Junto con un derecho sin policía (aunque ahora con multas) y la soberanía compartida, la Comisión Europea es el invento más original de este nuevo objeto político, identificado pero no fijado ni nombrado, que es la Unión Europea. Es la piedra de toque del proyecto, la tejedora del interés general europeo, garantía de los países pequeños frente a los grandes, con el instrumento básico del monopolio en la presentación de propuestas legislativas: puede presentarlas, cambiarlas y retirarlas en cualquier momento antes de que vote el Consejo de Ministros (y posteriormente el Parlamento Europeo), que son los que deciden, cada vez más por mayoría cualificada, lo que refuerza la importancia de ese monopolio que, sin embargo, se va erosionando.

La Comisión Europea se está convirtiendo en mera intendente del Consejo. Su erosión viene de la convulsión del Tratado de Maastricht, en 1992, en un deslizamiento del poder desde esta institución hacia el Consejo, hacia lo intergubernamental. Bien es verdad que, llegada a este punto en su historia, tras la moneda única y el Banco Central, la integración europea empieza a pinchar en los huesos más duros de la soberanía nacional: el gasto público, los impuestos y el Ejército. Ésta puede ser la razón principal de que los Gobiernos estén dispuestos a ejercer más en común su soberanía en estas materias, pero no a cederla.

Pero la Comisión, que no ha vuelto a tener un buen presidente desde Delors, tiene también una parte de culpa en su propio declive. No ha sabido utilizar y gestionar con tacto y transparencia sus competencias.
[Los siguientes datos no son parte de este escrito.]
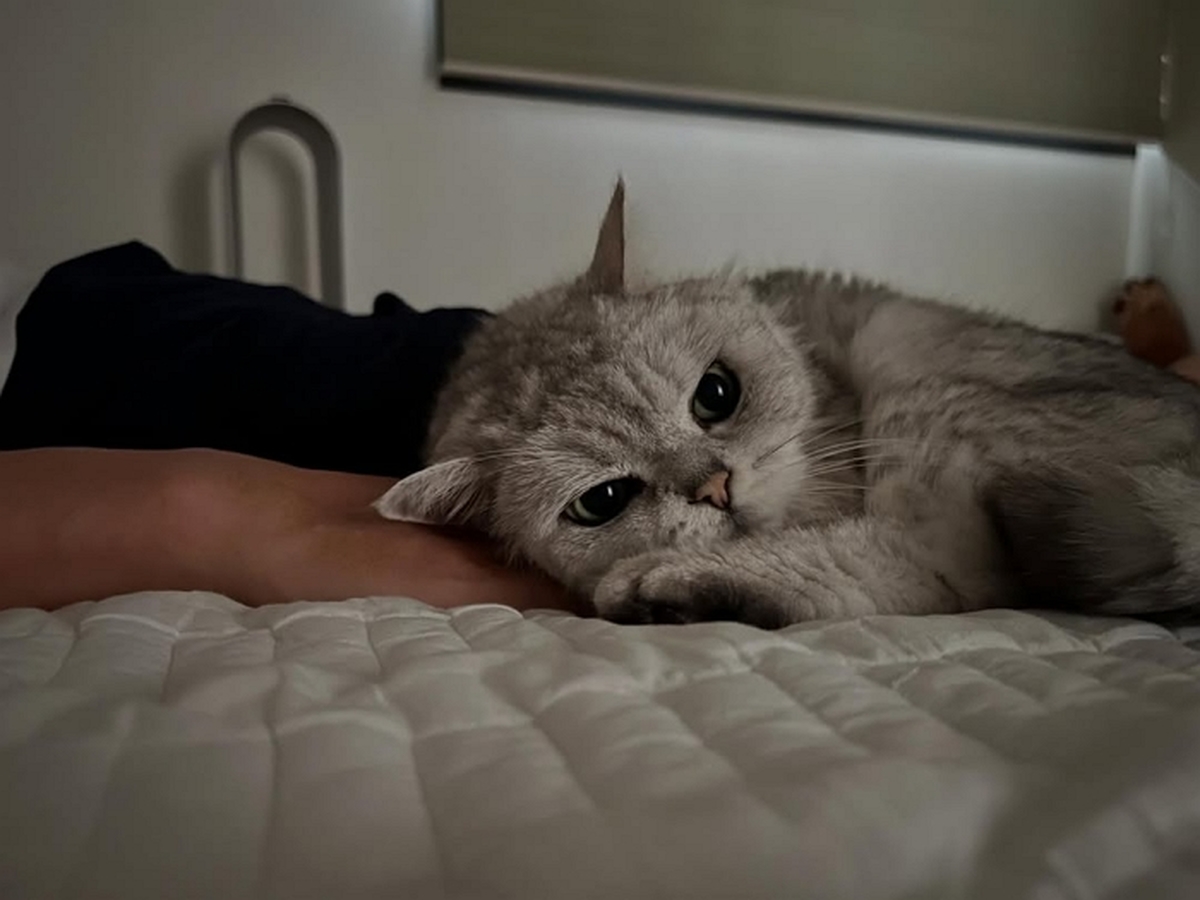 동화속 고양이같았던 내 첫 번째 고양이, 우리 봉삼이. 마지막 한달쯤은 잘 때 남편한테서 그렇게 떨어지질 않더니. 다같이 있을 때 가줘서 너무 고마워. 너는 정말 끝까지 굉.jpg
Así, Schröder tiene suficientes problemas internos para sacar adelante unas reformas que a todos interesan pues abren la vía a la recuperación económica alemana, como para que le tiren de las orejas desde Bruselas por incumplir en materia de déficit público. En esto, aunque haya tapado otras cuestiones, la Comisión se ha equivocado de estrategia. Haría bien en releer lo que señala el rey de El principito de Saint-Exupéry: A los astros sólo hay que darles órdenes razonables, que puedan cumplir.